Menurut dia, ketergantungan warga perbatasan ke Malaysia disebabkan masalah infrastruktur. Perbedaan jarak tempuh ke Malaysia daripada ke Sintang sangat mencolok. Perjalanan ke Malaysia paling lama sekitar dua jam. Tetapi, perjalanan ke Sintang bisa memakan waktu lebih dari tujuh jam dengan medan yang dilalui lebih berat.
Tingga menambahkan, selain harganya murah, kualitas barang negeri jiran dinilai lebih bagus. Salah satunya bensin. Mutu premium Malaysia lebih murni. Untuk harga jual eceran di perbatasan, bensin Malaysia dibanderol Rp 6 ribu, sedangkan premium asal Indonesia dijual Rp 10 ribu. Perbedaan harga yang jauh membuat warga perbatasan lebih memilih menggunakan bensin Malaysia.

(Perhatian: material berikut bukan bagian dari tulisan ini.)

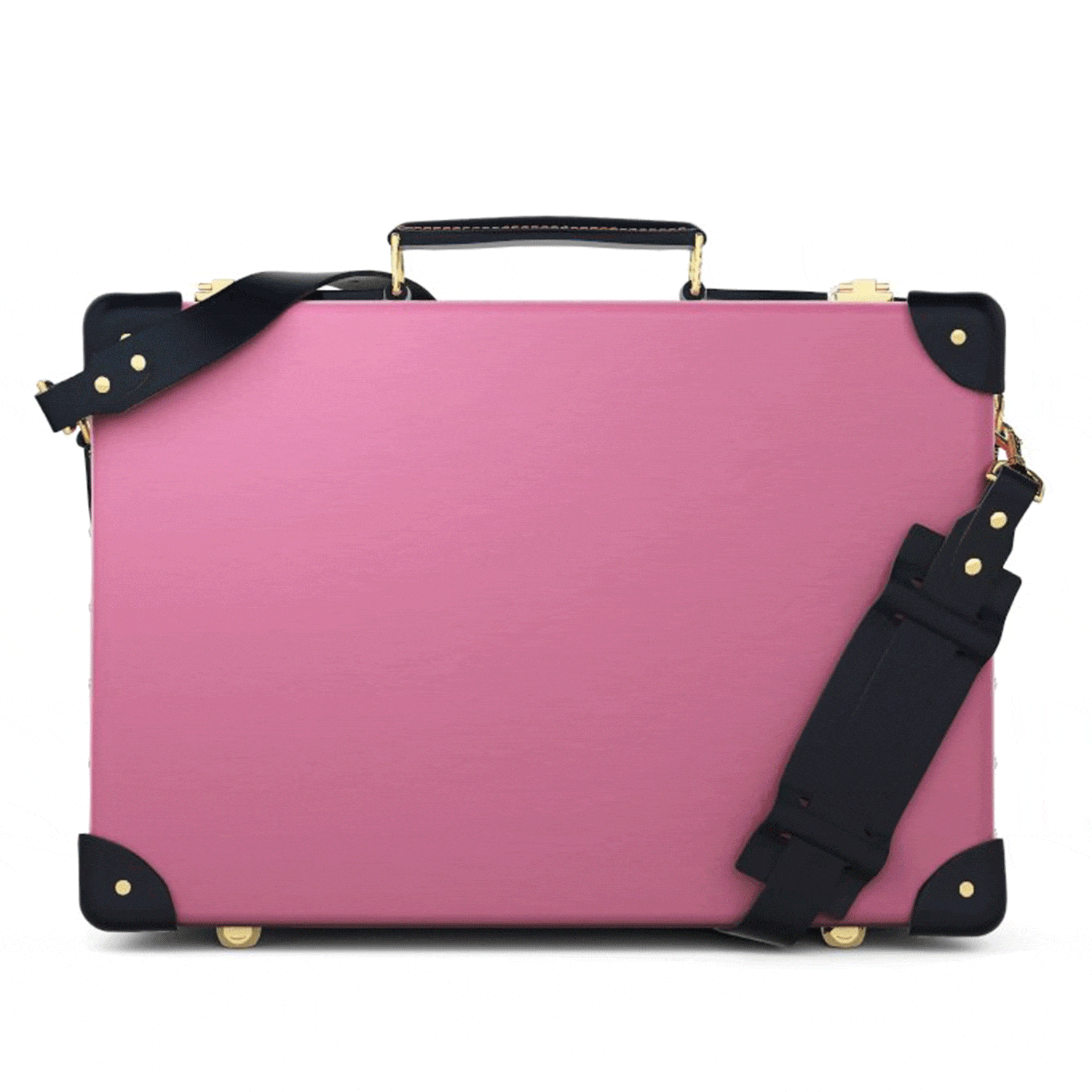 Small Briefcases & Small Attachés | Globe-Trotter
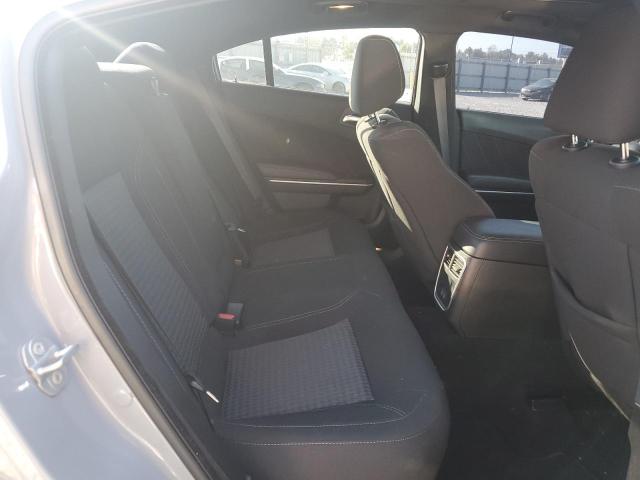 2022 DODGE CHARGER SXT - 2C3CDXBG1NH239701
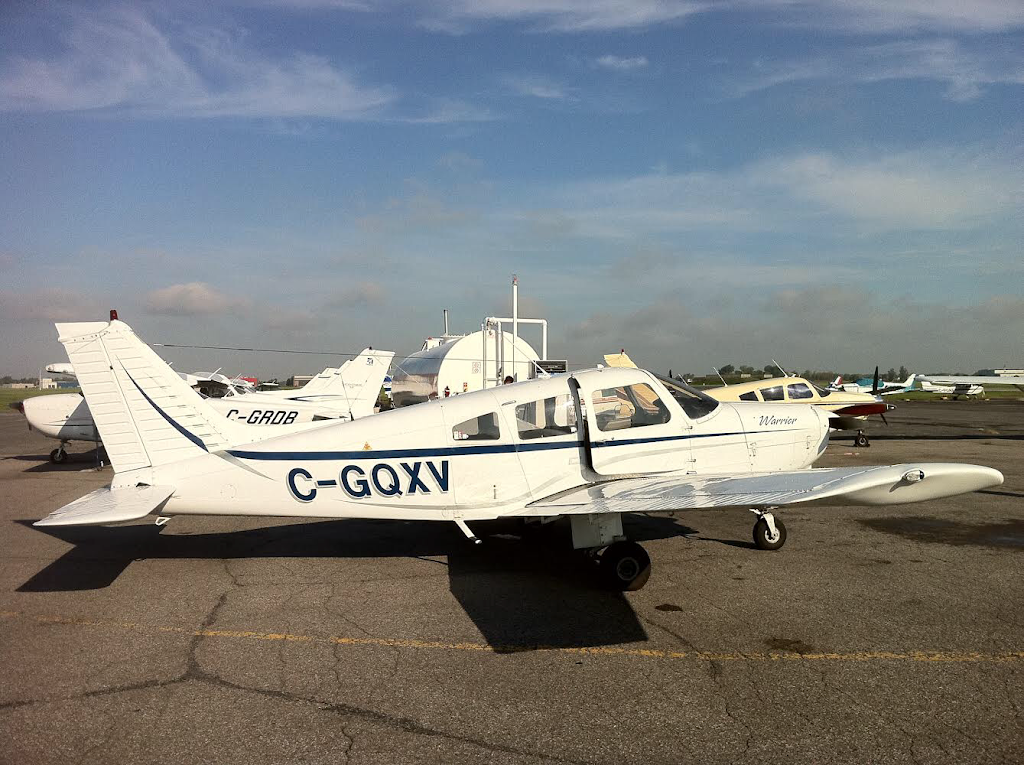 Air Richelieu | 5800 Route de lAéroport, Saint-Hubert, QC J3Y 8Y9, Canada | Phone: (450) 445-4444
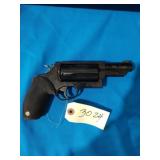 Taurus judge in 45 Long Colt / 410 shotgun serial
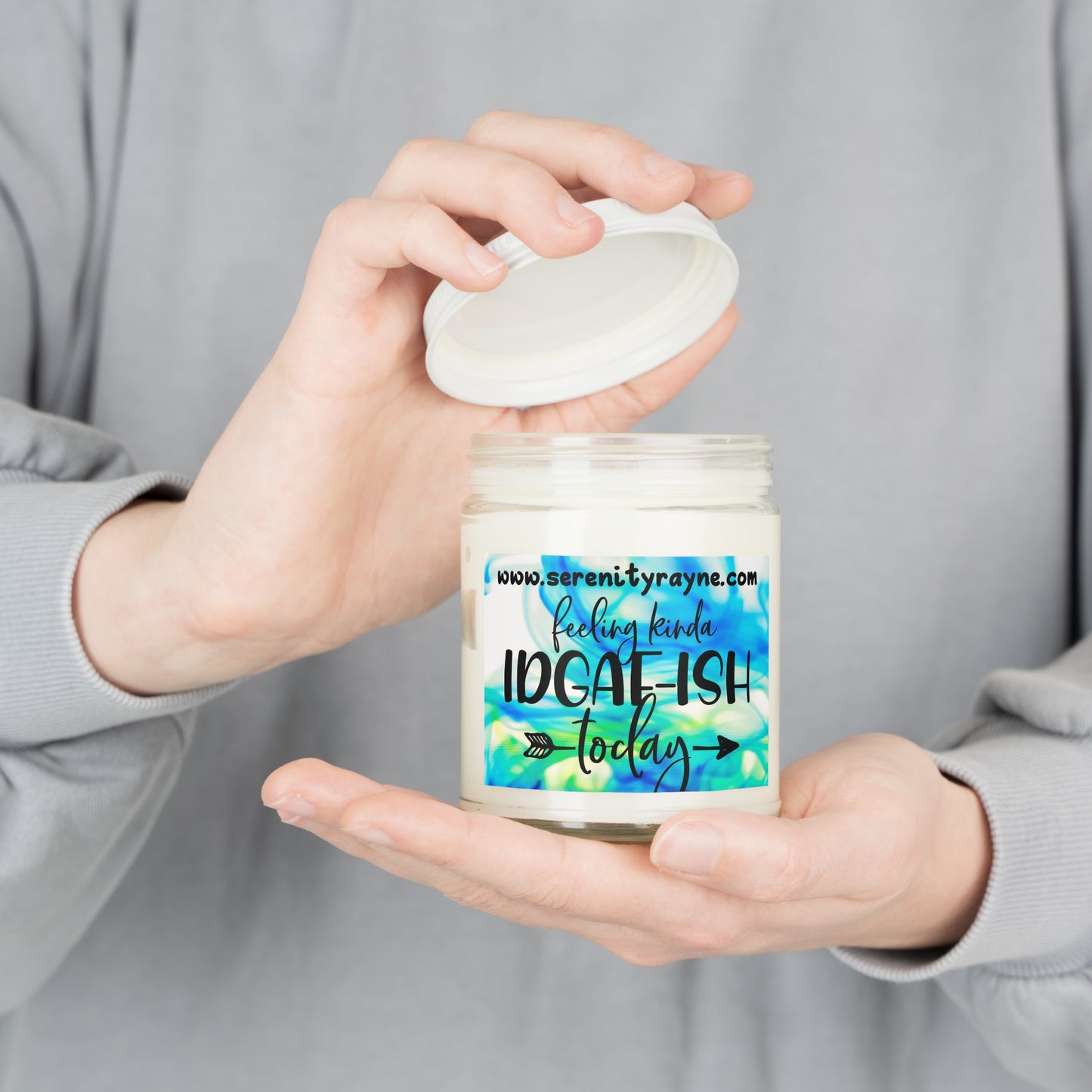 Scented Candles, 9oz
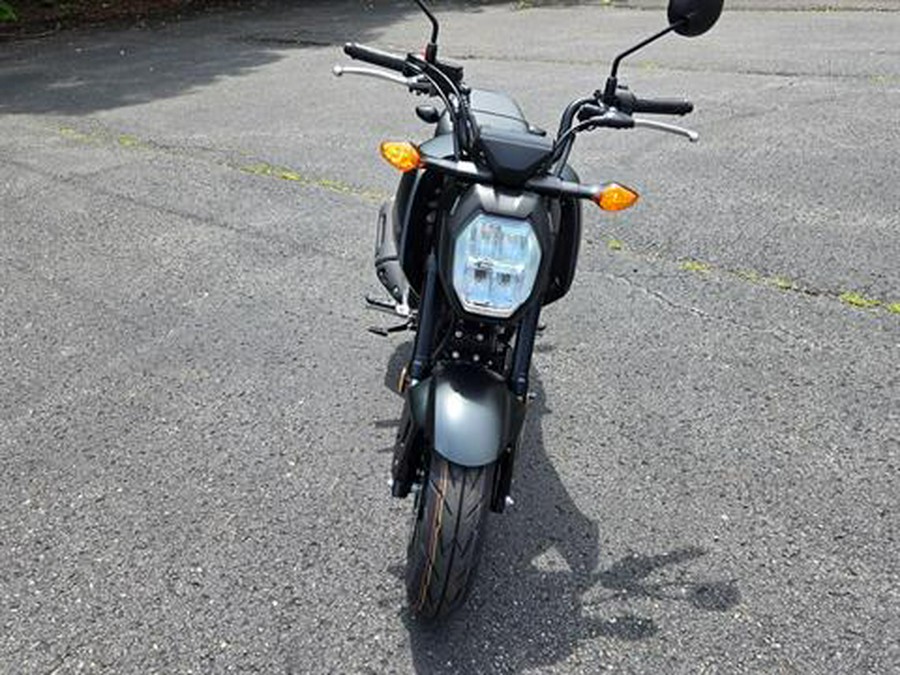 2026 Honda Grom SP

Menurut Tingga, bila warga perbatasan dipaksa menggunakan barang Indonesia, berarti masyarakat harus menanggung biaya tinggi. Sementara itu, harga jual yang menjadi sumber pendapatan penduduk tengah melorot.
Karena itu, lanjut dia, warga perbatasan sangat berharap pemerintah tanggap dengan keadaan yang dialami masyarakat. Pembangunan infrastruktur harus diprioritaskan agar mobilitas penduduk perbatasan menjadi lancar.
“Warga perbatasan, mungkin hampir keseluruhan, pernah pergi ke Malaysia. Tetapi, belum tentu semua sudah sampai di ibu kota Kabupaten Sintang apalagi Pontianak, bahkan Jakarta,” paparnya.